Feed-Forward Layer (FFN)

Unlike attention, the FFN retains its standard linear transformations $W_1$ and $W_2$, as evidence suggests these matrices store critical factual information rather than just routing it. The RMT uses key vector “adapters”: it retrieves $R$ data vectors from the matrix, concatenates them for the standard FFN operation, and then splits (un-vecs) the output to store it back into the residual matrix via outer products with $w_{FF}^{(h)}$.

Variance Propagation

For deep networks to initialize and train stably, the mean and variance of activations and gradients must propagate effectively (Glorot & Bengio, 2010). The paper provides a closed-form derivation proving that outer product storage and retrieval maintain healthy variance.

Let the forward storage operation for a single token be $X_{out} = \sum_{h=1}^R w^{(h)} \otimes x_{in}^{(h)}$, where weights are initialized independently with mean 0.

\[E[X_{out, ij}] = \sum_{h=1}^R E[w_i^{(h)}] E[x_{in, j}^{(h)}] = 0\]

The variance propagates as:

\[Var(X_{out, ij}) = \sum_{h=1}^R Var\left(w_i^{(h)} x_{in, j}^{(h)}\right)\]

Assuming independence and $\mu_w = 0$:

\[Var(X_{out, ij}) = R \sigma_w^2 (\sigma_{x_{in}}^2 + \mu_{x_{in}}^2)\]

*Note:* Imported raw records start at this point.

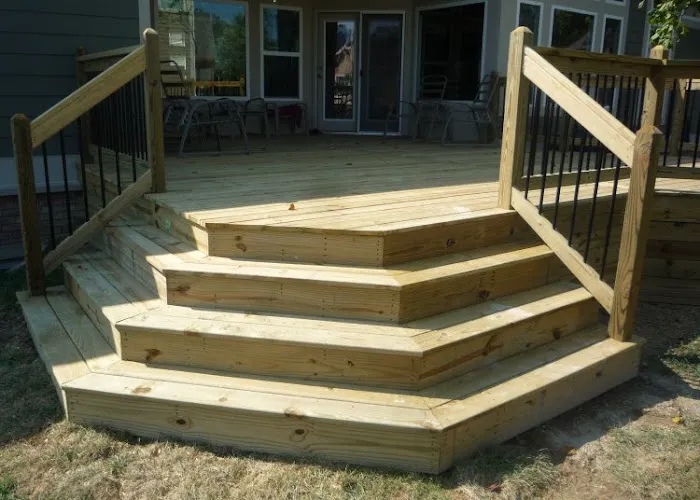 Serenity Contracting Picture 9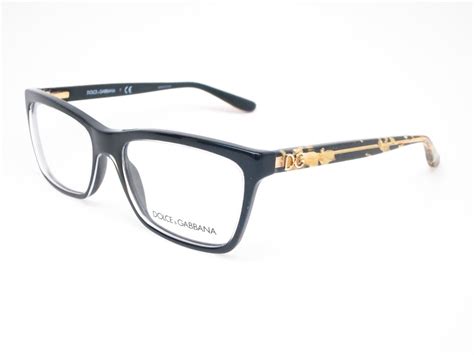 espejuelos dolce gabbana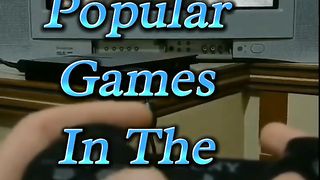 Top 10 Popular Games In The World 2023????????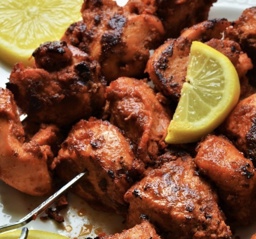 Lamb Tikka (M)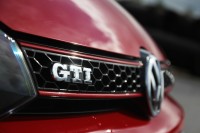 Volkswagen Golf Cabrio 2.0 TSI GTI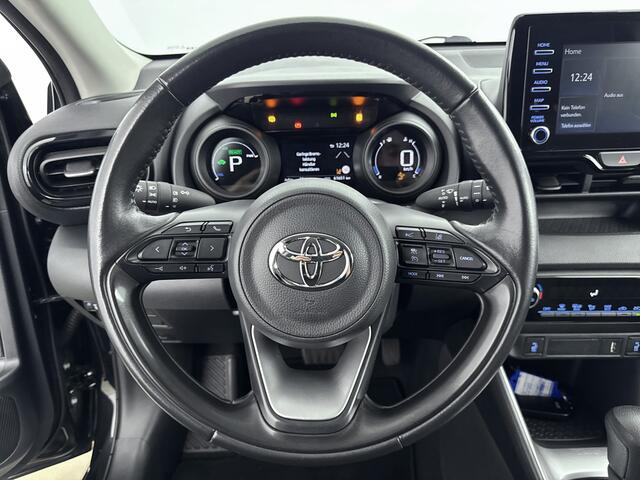 Toyota YARIS 1.5 Hybrid Dynamic | Stoelverwarming | Achteruitrijcamera |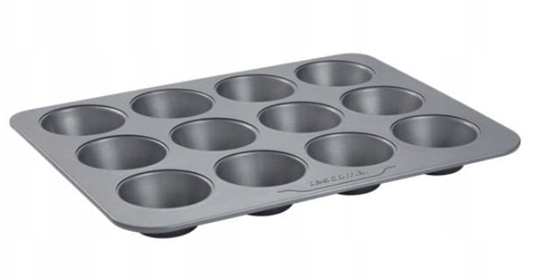 Picture of FORMA NA 12 MUFFINEK COMPACT 36 x 27 cm 623618.00/8592973124040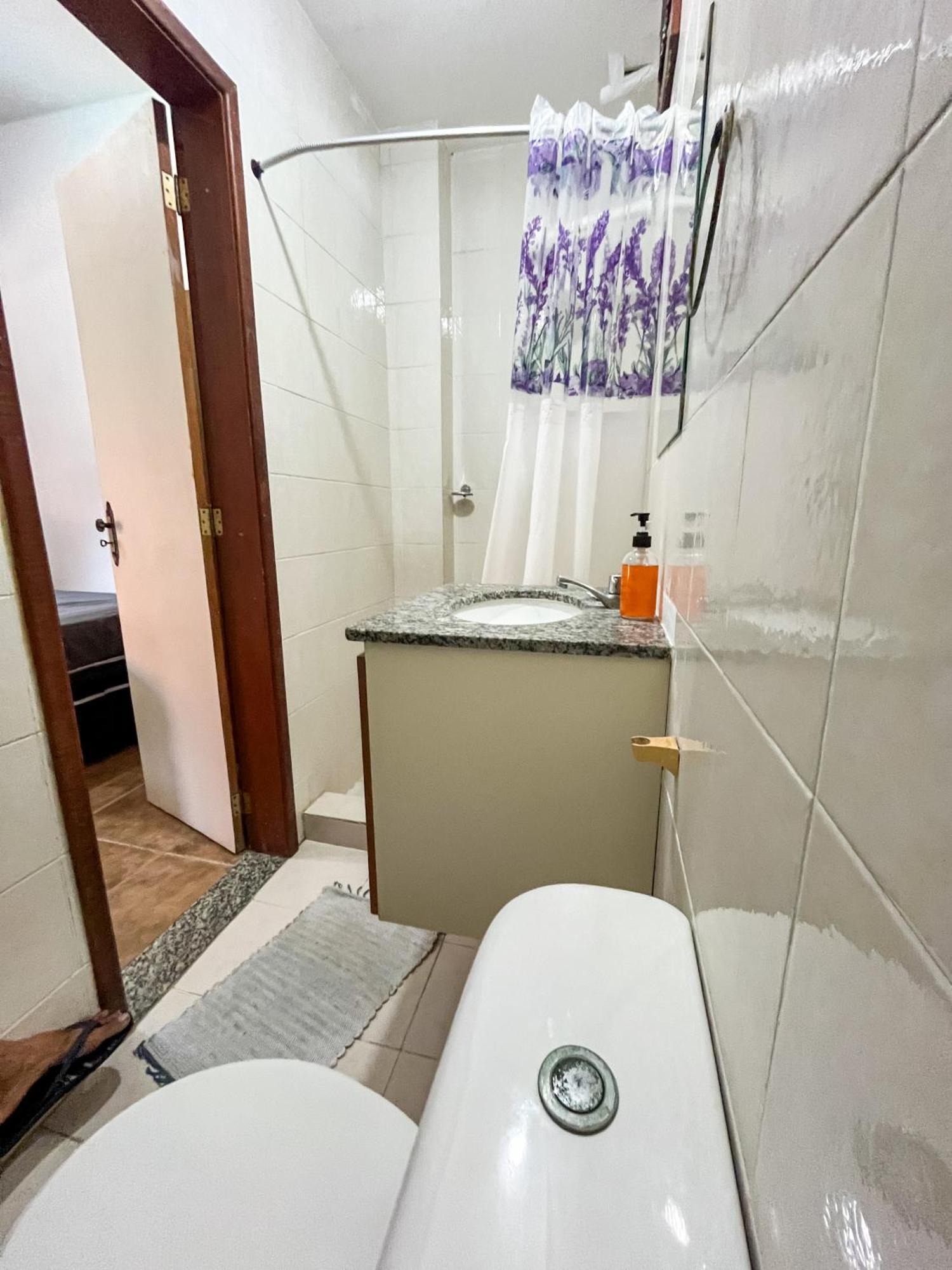Castelo De Santa Teresa Guest House Rio de Janeiro Bagian luar foto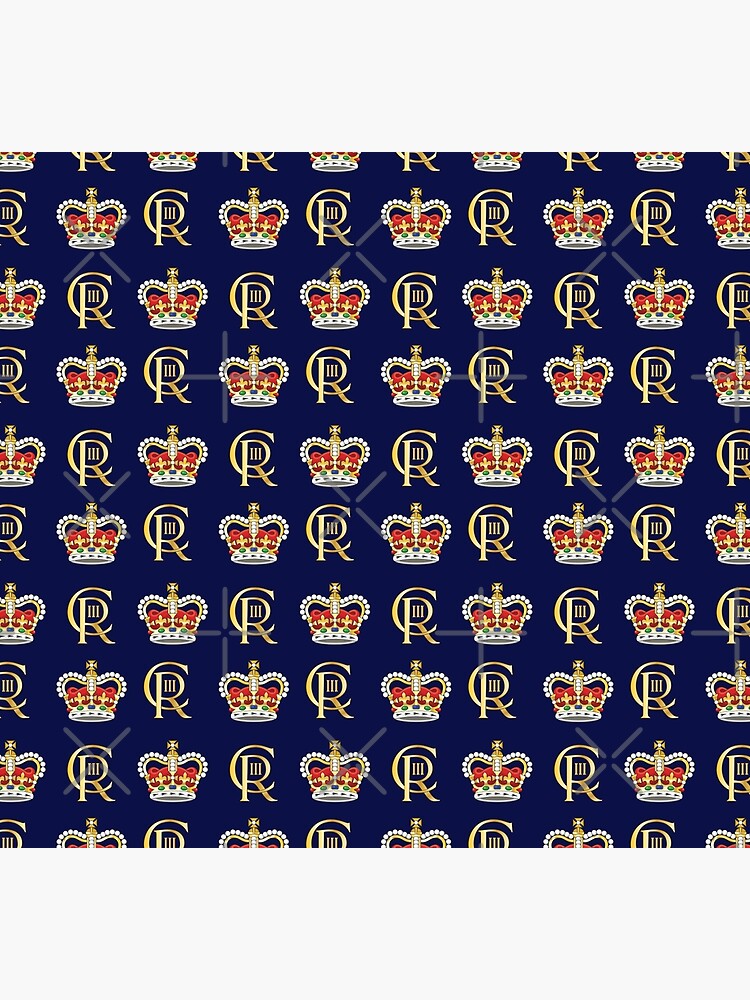 Discover King Charles III Coronation Socks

By choosing standard initialization dimensions, the ratio $\frac{\sigma_{x_{out}}^2}{\sigma_{x_{in}}^2}$ can be kept close to 1, avoiding vanishing or exploding gradients.

Scaling Performance

The replacement of standard weight matrices with vectors transforms the economics of the network:

  • Cost of Scaling: Increasing the residual stream size by 100% in a standard transformer yields ~94% more FLOPs and 100% more parameters. In the RMT, increasing residual matrix capacity ($D_k$) by 100% increases both parameters and FLOPs by < 1%.
  • Efficiency: To reach the identical target loss, the RMT uses 58% fewer FLOPs, 25% fewer parameters, and 41% fewer training tokens compared to a Chinchilla-optimal baseline transformer.
  • Zero-Shot Dominance: Evaluated on LAMBADA, PIQA, and ARC, an RMT trained on 28% fewer FLOPs outperformed a standard transformer that was 33% larger.
  • “Free” Scaling Axis: When holding parameter count, dataset size, and compute budget constant, expanding the residual stream size $D_k$ monotonically decreased validation loss.

Caveats

  • Memory: Roughly equivalent during training (larger residual activations for gradient checkpointing offset by fewer model parameters), but strictly more efficient during inference.
  • Wall-Clock Time: In current PyTorch/JAX ecosystems, highly optimized GEMM kernels run significantly faster than unoptimized tensor contractions. Despite needing dramatically fewer FLOPs, the RMT takes ~43% longer per training step. A custom CUDA kernel for contracting over small key vectors could bridge this gap.

Summary

The RMT unlocks a new “free” scaling dimension by replacing the residual stream vector with an outer product memory matrix. Weight matrices in attention are replaced by learned key vectors, making residual stream scaling nearly cost-free in parameters and FLOPs. This promises significant reductions in the energy and data required for frontier LLM training, pending kernel-level optimization to close the wall-clock gap.